Does Velocity speed things up, or slow us down?

In practical terms, it is impossible to translate a Story Point estimate to a time-based equivalent, which is what Velocity tries to achieve. A Story with an estimate of 1 point can take a full sprint to achieve, and a 21 point estimate can take a single day. Such is the nature of complex work.

And this is where we constantly get tripped up when we try to manage estimates versus actuals. A story point value doesn’t correlate to a certain number of days (or god forbid, hours or minutes) but rather story points represent a possible range of dates. You can’t simply sum all the story points a team has burned through to get an accurate representation of progress, and trying to calibrate a Story Point estimate down to the nearest decimal point is pointless (pardon the pun).

Thus the notion of adding up these values to get view of complexity over time is a flawed proposition. The margin of error when measuring Velocity means it often never correlates to the actual progress a team has made, or even the actual complexity they’ve churned though. It is an approximation of an approximation. Even worse still, aggregating these values across teams are also rendered usesless as different work environments yield different Story Point scales. An estimate of ‘5’ for one team is often significantly different to a ‘5’ in another team, so the resulting combined Velocity of ‘10’ across both teams doesn’t mean anything.

If we truly want to gain value from the process of measuring estimates vs. actuals, we shouldn’t be trying to guage the accuracy of our estimates but rather the amount of redundancy in the activity. It doesn’t matter how long a 5-point Story took, but what if we uncovered that historically our 5-point estimates and our 8-point estimates were practically identical? We could save ourselves the effort of trying to refine our understanding down to the n-th degree of detail, and instead calibrate our understanding based on the inevitable uncertainty that’s to come.

Rather than focusing on the accuracy, focus on the reduancy of your relative estimates. Should we simplify or adjust our method?

Looking backwards to see our path forward

Everything that we’ve discussed up to this point is based on taking the collective understanding in a room and projecting it to predict the future. Depending on the amount of volatility in each working environment this may or may not add value to a team’s way of working.

Another method of predicative forecasting is to look to our past in order to predict the future. In the world of Lean and Kanban the use of probabilistic forecasting maps the historical progress of work (using Lead Time as a base) to create a distribution of the resulted outcomes. This in itself can be a handy tool to get a better understanding of the context behind delivery, and identify other means of improving the way a squad delivers work.

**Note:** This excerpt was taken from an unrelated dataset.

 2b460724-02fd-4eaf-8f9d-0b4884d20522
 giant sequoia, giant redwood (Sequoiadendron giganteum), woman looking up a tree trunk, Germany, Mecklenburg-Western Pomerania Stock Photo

Even better still, you can take these historical views and apply a Monte Carlo simulation, which extrapolates the distribution of lead times to create a high volume of predicted scenarios (sometimes tens of thousands!) and use that to gain view on the likelihood of delivery. This lends itself better to complex delivery as rather than tracking to a particular date and building towards a set of requirements, we are instead tracking risk and focusing on reducing the amount of uncertainty to achieve the right outcome.

“After 10,000 Monte Carlo simulations we predict a 75% chance of delivering this story within 8 days. Are we willing to take on 25% risk of not delivering?”

In closing

As I mentioned from the outset, estimation in complex environments is a tricky business. And as much as purists try to shy away from the concept of long-term planning, there are still many prominent enterprises in the market that want to see how teams intend to manage said complexity.

If nothing else, I hope you can walk away from this blog with more knowledge about why precision isn’t necessarily the path to better planning, and that sometimes simplification can actually yield more benefits. And if you’re working in a Scrum or XP environment and find Story Points and Velocity tracking aren’t working for you, you can find alternatives in the Kanban and probabilistic forecasting space.